The potential new rules that cover the retail market are aimed at protecting consumers and ensuring that only industry participants with “sufficient financial strength and sustainable business propositions to withstand some degree of market volatility can enter the market” and are one of three guardrails that the EMA will introduce to address market risks and augment the competitive market structure in place today, said MTI.
To ensure the security and adequacy of gas supply, EMA will also “institutionalise the current crisis management measure requiring gencos (generation companies) to maintain sufficient fuel for power generation” and work with the industry to explore ways to improve gas procurement. The regulator will maintain the Standby LNG Facility to address risks of gas supply disruptions as it expects gas supply disruptions to be more prevalent in the future as supplies of piped natural gas are depleting, and given the energy transition.
MTI noted that gencos currently have significant flexibility to decide the amount of gas to contract and the duration of their contracts. However, this does not ensure sufficient contracted gas on aggregate to meet system demand.
“Indeed, when gas prices are high, gencos are less inclined to contract for gas for fear that they would be left stranded when gas prices moderate. Without the assurance of back-to-back electricity contracts, gencos are also reluctant to enter into longer-term gas contracts which typically offer greater guarantee of delivery and lower prices,” MTI said.
“Gencos also tend to exhibit herding behaviour in gas procurement, which can lead to either over – or under – contracting of gas, or gas contracts expiring at the same time. This magnifies the power sector’s exposure to global market conditions, which may be unfavourable,” it added.
The third guardrail is aimed at ensuring sufficient generation capacity to meet system demand. Currently, investments in new generation capacity are driven by each company’s commercial considerations. This can lead to prolonged periods of over and under supply as it takes some four to five years to establish a new generation unit and could lead to volatile electricity prices. These cyclical mismatches in supply and demand, said MTI, could worsen with the global climate imperative.

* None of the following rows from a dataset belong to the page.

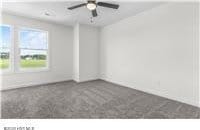 carpeted spare room featuring a ceiling fan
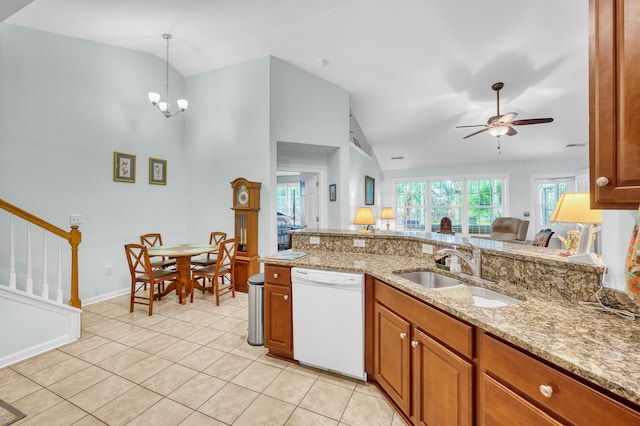 kitchen with ceiling fan with notable chandelier, a healthy amount of sunlight, white dishwasher, and sink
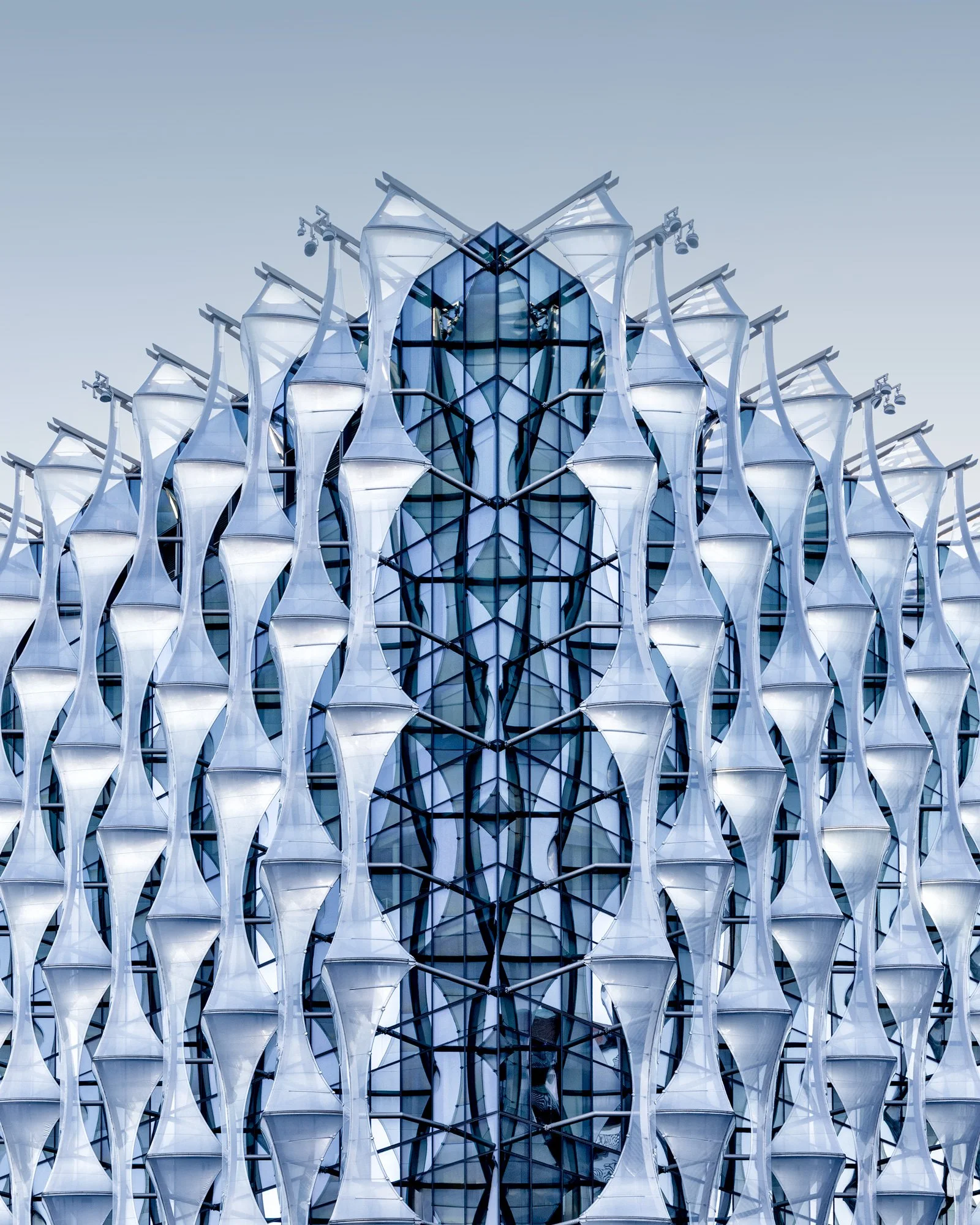 Symmetrical architectural study of the U.S. Embassy in London, designed by KieranTimberlake. This detailed photograph focuses on the building's innovative ETFE polymer facade, capturing the rhythmic, sail-like geometric patterns that wrap the glass s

As such, the EMA will introduce a “structured process” to facilitate private investments in new generation. EMA will conduct a competitive tender, about five years in advance of the year in which the generation capacity is projected to be required. If there is insufficient private sector interest to build new generation capacity, EMA will do so as a last resort.
“While these guardrails will, to some extent, reduce choice for market participants (eg gencos and retailers) and consumers, they will help to improve the stability and security of our power sector in the longer term and ensure that Singapore is well-placed to navigate the energy transition,” said MTI.
EMA will be conducting industry and public consultations over the next few months, and will progressively implement these enhancements from 2023.
In his speech, Gan said he is mindful that the latest adjustments will “reduce the flexibility of some market participants”.
For instance, generation companies now cannot plant new capacity as they wish, and consumers may have fewer retailers to choose from.
“However, these measures will bring about a stronger and more secure power system collectively,” the minister said, adding that navigating the “dual challenges of energy transition and crisis will require a collective effort”.